5 Tips To Make Your Resume Standout
Advice for Talent & Job Seekers

Never Bore a Recruiter Again: 5 Tricks to Take Your Resume From Blah to Bold

Once you’ve gotten your resume organized perfectly and through the applicant tracking system to the recruiter, how can you take your resume to the next level and ensure it actually gets read?

You make it stand out.

Every day, recruiters review hundreds of resumes for a single position that are simply bland, tasteless and dry, leaving them feeling like their pursuits for finding their ideal candidate are hopeless. If you’re thinking about a recent dish you tried at a local restaurant right now, that’s exactly where we’re going with this when we say most resumes lack that original flavor.

Fortunately, your resume doesn’t have to be compared to that lifeless appetizer you sent back to the kitchen.

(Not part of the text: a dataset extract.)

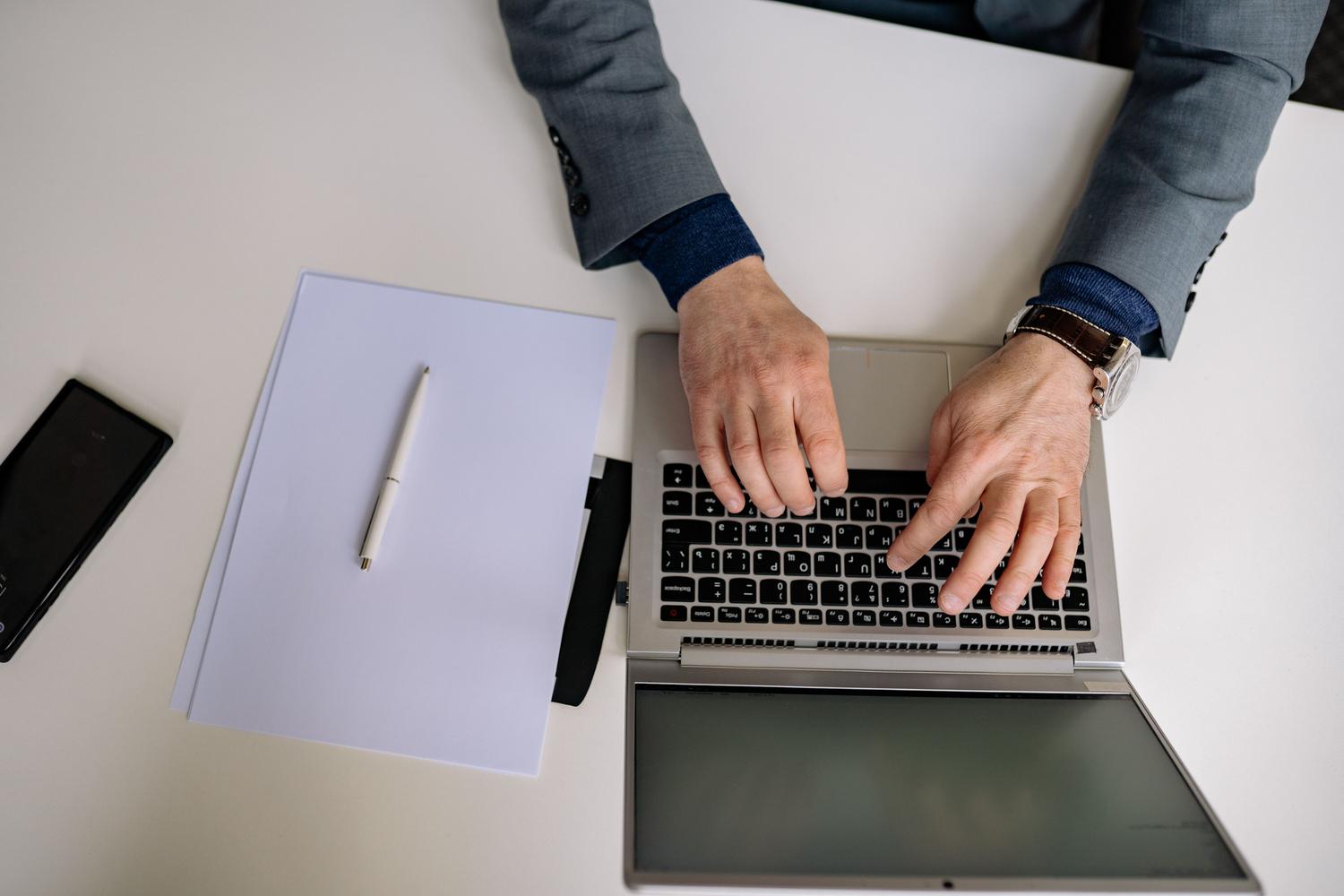 Vista cenital de un profesional trabajando con un portátil y un cuaderno, representando la digitalización de notas analógicas.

If you really want to make a bold first impression with your resume, you’ll need to follow these steps to ensure you stand out among the crowd of other hopeful candidates:

1. Avoid generic words.

When describing your position’s responsibilities, be as specific as possible and try your best to avoid using terms like ‘various’ and ‘others’. Practice being precise by listing the exact project you worked on or the distinct outcomes of a major campaign your team executed.

Also, try to outline your responsibilities in the first few sentences with a general summary if possible – then break down your responsibilities in more detail.

2. Keep it short and sweet.

Recruiters go through a ton of resumes in a day, so make sure you get to the point as quickly as possible. Be sure to describe the technical tools and any management responsibilities, etc. under the appropriate position.

3. But, be descriptive!

This may seem like a contradiction, but don’t assume that whoever is reading your resume can fill in the blanks and automatically imagine the tools and technologies you used and the operations you performed in your position.

 4. Remember your grammar and formatting.

Change your descriptions from present tense to past tense. For example, ‘contributing’ would be ‘contributed’, ‘managing’ would be ‘managed’ and so on.

 5. Be bold.

When you’re applying for a specific job, read the job description and look for keywords. Now look at your resume, find matching keywords from the job description and bold them.

When a recruiter is reviewing your resume, their eyes will naturally wander to the bold words or phrases in a big block of text. Bolding relevant phrases gives you the upper hand in distinguishing yourself on paper.

But remember: If you bold unnecessary words and text without a valid  reason, the bolding will lose all value. Use it wisely!